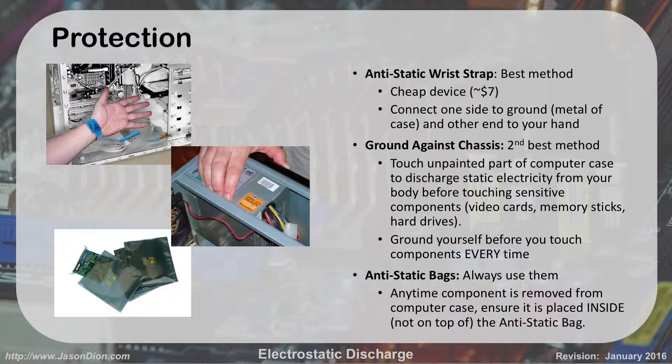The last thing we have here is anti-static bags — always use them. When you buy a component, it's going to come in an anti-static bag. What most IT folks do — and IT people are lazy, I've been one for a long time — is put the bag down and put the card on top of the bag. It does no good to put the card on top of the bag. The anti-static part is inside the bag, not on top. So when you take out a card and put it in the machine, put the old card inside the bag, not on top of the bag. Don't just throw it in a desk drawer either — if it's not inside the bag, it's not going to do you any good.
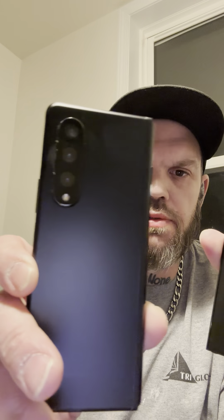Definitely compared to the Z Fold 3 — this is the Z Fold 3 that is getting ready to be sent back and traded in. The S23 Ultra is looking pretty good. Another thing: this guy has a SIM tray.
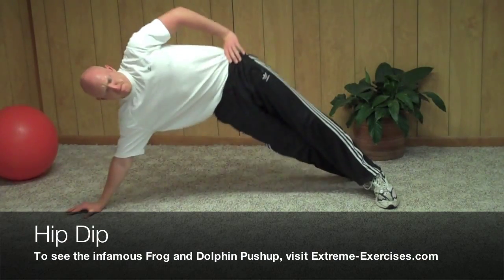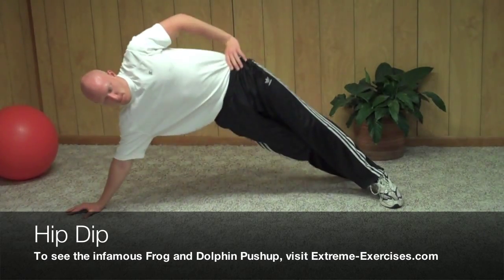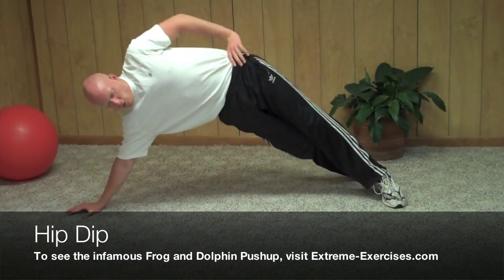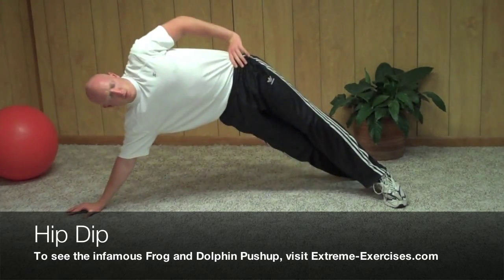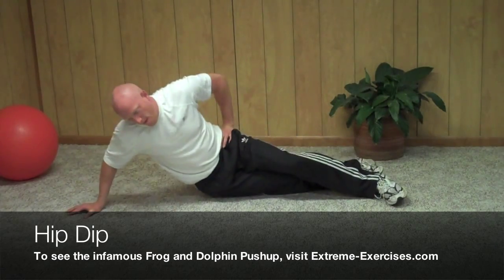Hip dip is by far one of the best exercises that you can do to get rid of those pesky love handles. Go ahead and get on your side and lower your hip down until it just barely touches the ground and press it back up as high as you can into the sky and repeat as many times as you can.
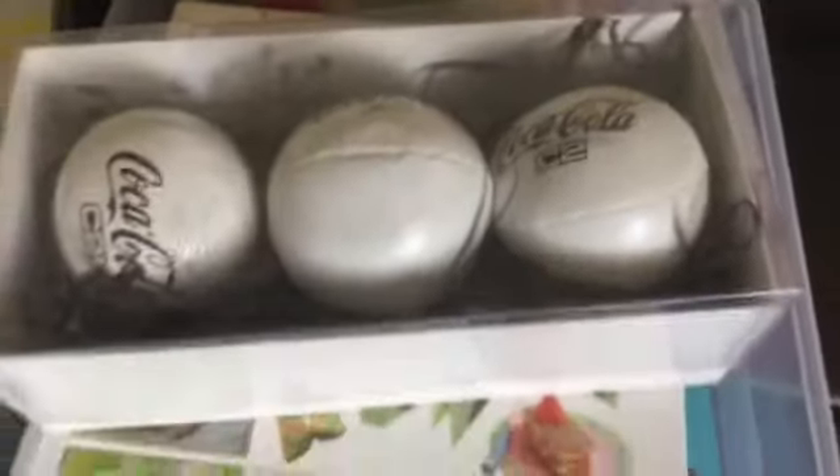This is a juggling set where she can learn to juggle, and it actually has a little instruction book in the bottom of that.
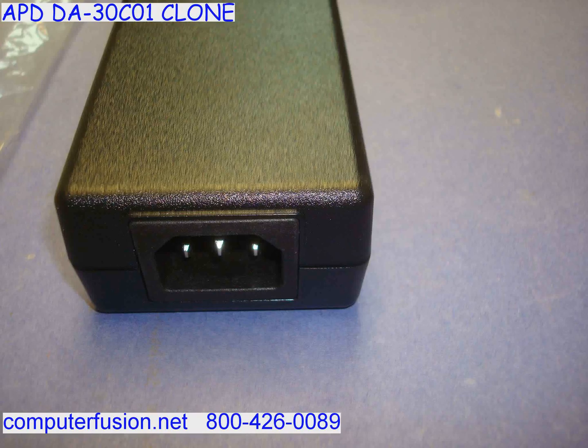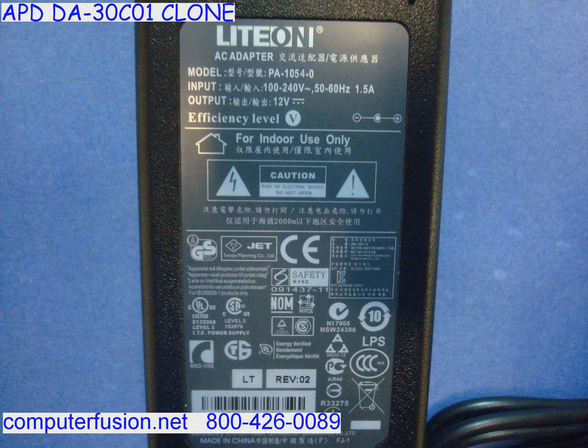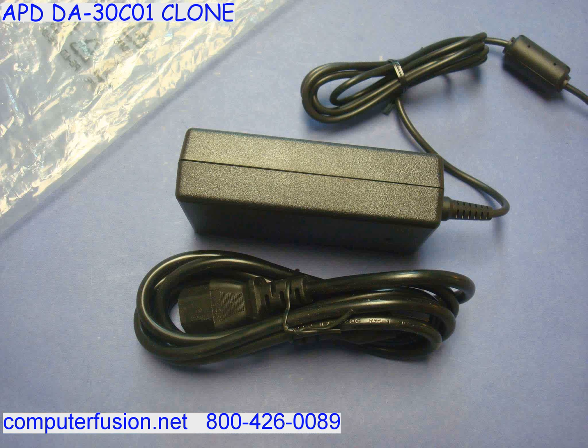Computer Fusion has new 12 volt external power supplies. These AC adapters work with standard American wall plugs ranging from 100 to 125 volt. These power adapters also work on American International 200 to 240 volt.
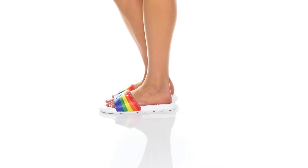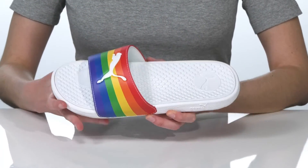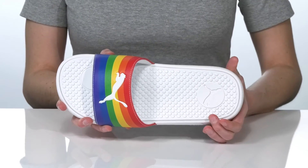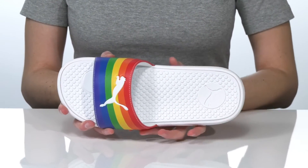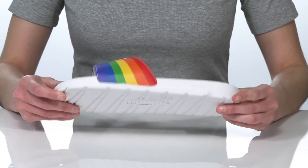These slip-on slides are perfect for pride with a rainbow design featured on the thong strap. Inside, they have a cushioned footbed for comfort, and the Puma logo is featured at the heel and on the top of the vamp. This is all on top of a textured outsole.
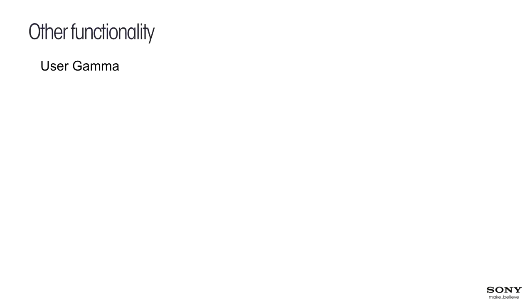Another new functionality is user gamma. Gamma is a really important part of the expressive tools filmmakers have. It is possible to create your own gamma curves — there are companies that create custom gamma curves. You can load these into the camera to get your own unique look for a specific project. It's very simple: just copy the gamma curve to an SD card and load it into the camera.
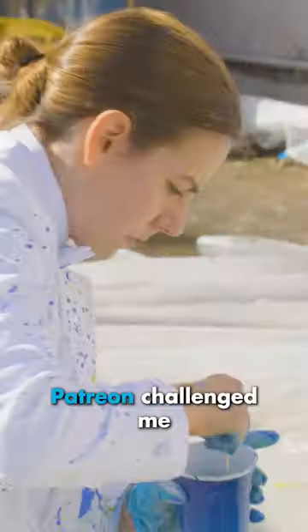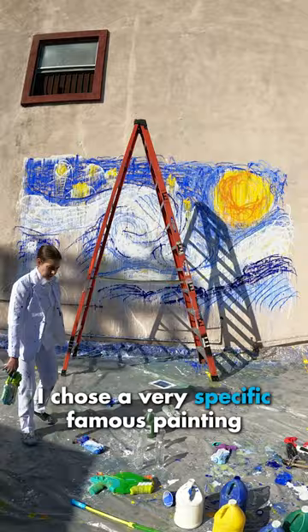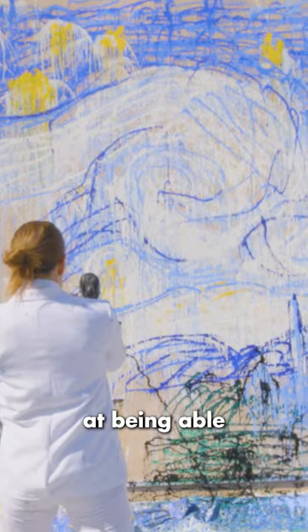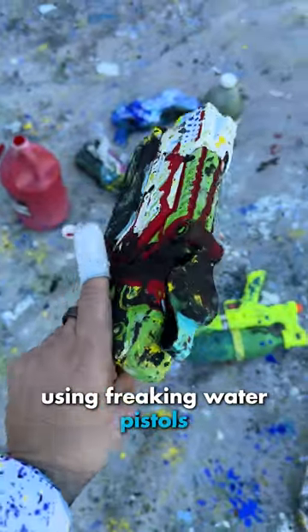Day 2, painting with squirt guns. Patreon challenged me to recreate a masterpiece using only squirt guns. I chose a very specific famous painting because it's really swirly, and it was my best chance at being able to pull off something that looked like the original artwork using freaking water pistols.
━━━━
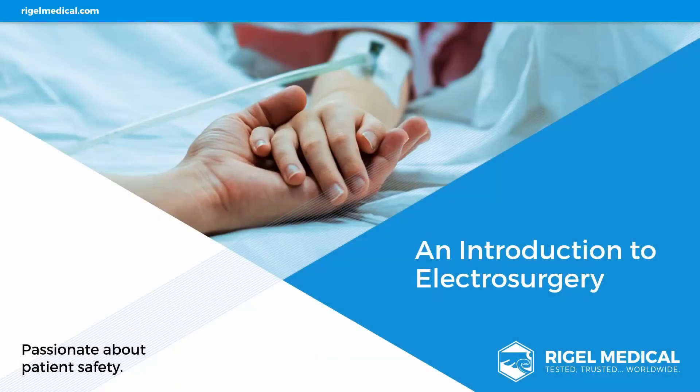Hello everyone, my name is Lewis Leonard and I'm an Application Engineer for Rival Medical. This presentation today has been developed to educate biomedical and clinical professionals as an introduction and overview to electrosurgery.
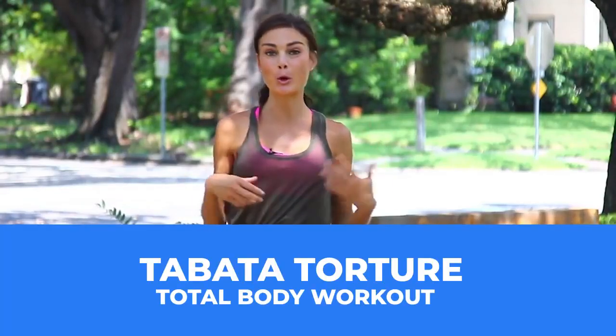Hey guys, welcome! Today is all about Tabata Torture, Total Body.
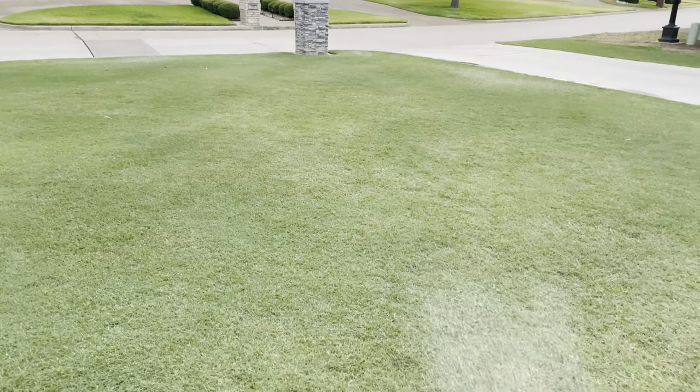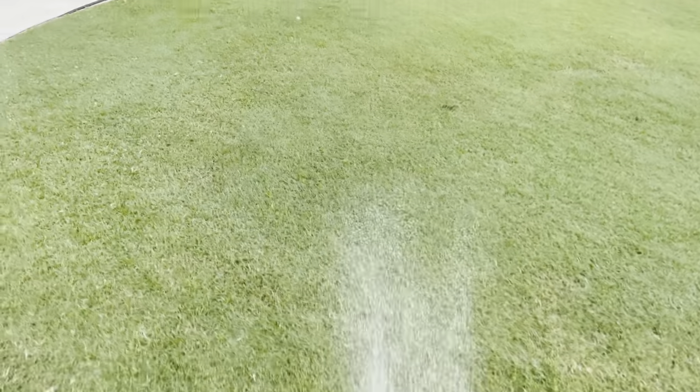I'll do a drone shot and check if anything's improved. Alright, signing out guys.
━━━━
PROBLEM: Looking above, find the stretch of lines that opens with the one holding "Hip dip is by" and closes with the one holding "Computer Fusion has". Copy it exactly, pictures excluded.

EXERCISE RESPONSE:
Hip dip is by far one of the best exercises that you can do to get rid of those pesky love handles. Go ahead and get on your side and lower your hip down until it just barely touches the ground and press it back up as high as you can into the sky and repeat as many times as you can.
This is a juggling set where she can learn to juggle, and it actually has a little instruction book in the bottom of that.
Computer Fusion has new 12 volt external power supplies. These AC adapters work with standard American wall plugs ranging from 100 to 125 volt. These power adapters also work on American International 200 to 240 volt.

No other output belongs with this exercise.